Study material:
=======
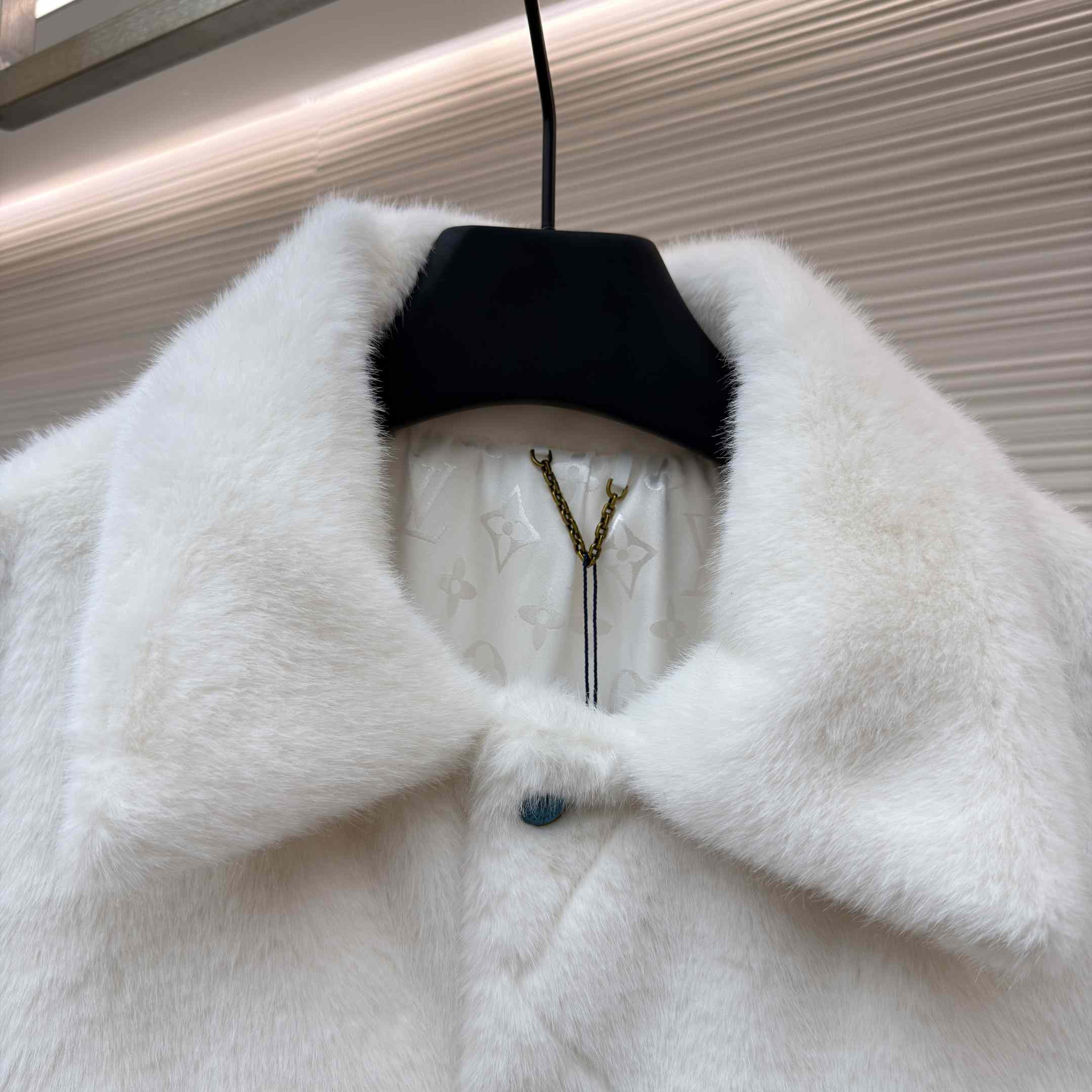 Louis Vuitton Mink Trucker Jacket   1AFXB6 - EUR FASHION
=======
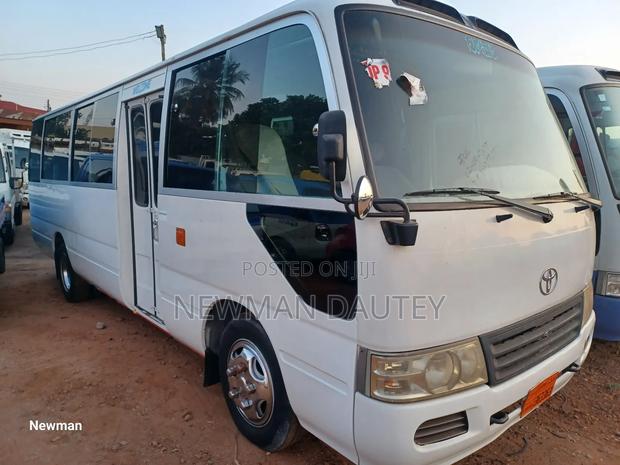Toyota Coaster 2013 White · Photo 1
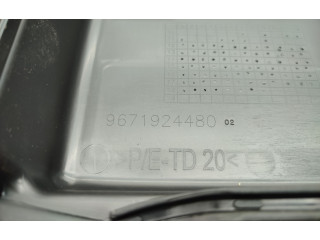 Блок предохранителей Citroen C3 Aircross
=======
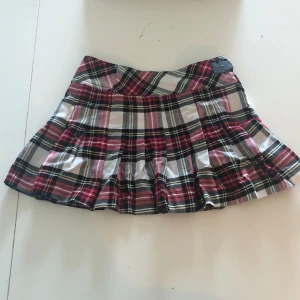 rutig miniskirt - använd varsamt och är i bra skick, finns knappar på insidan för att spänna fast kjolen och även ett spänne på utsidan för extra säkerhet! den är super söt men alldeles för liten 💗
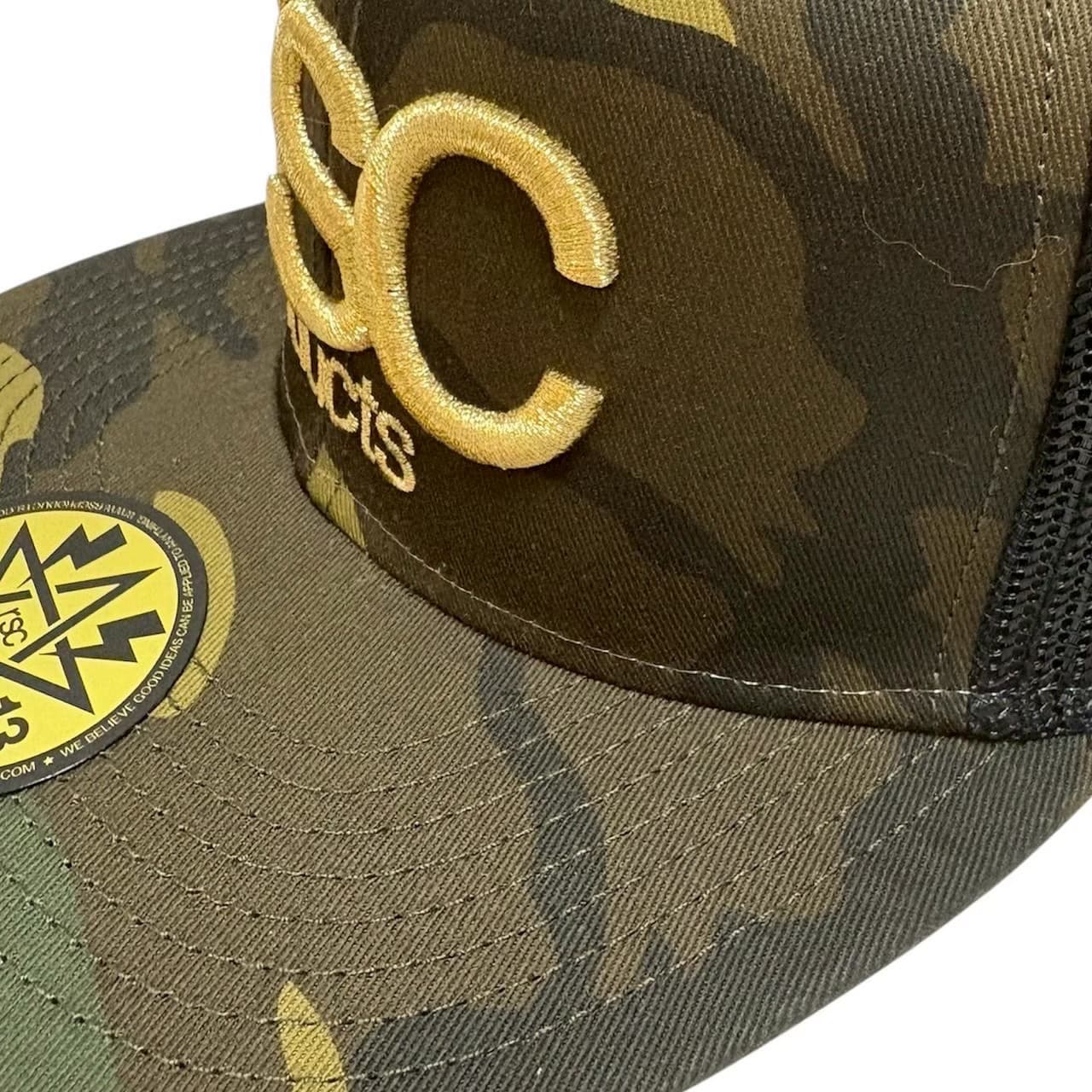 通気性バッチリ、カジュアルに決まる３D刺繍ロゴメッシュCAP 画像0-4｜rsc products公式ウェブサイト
=======
About this task: Precisely those lines above that run from the line with "rutig miniskirt - använd" up to and including the line with "通気性バッチリ、カジュアルに決まる３D刺繍ロゴメッシュCAP 画像0-4｜rsc products公式ウェブサイト" are to be set down, with the pictures omitted.

Reply to the task:
 rutig miniskirt - använd varsamt och är i bra skick, finns knappar på insidan för att spänna fast kjolen och även ett spänne på utsidan för extra säkerhet! den är super söt men alldeles för liten 💗
 通気性バッチリ、カジュアルに決まる３D刺繍ロゴメッシュCAP 画像0-4｜rsc products公式ウェブサイト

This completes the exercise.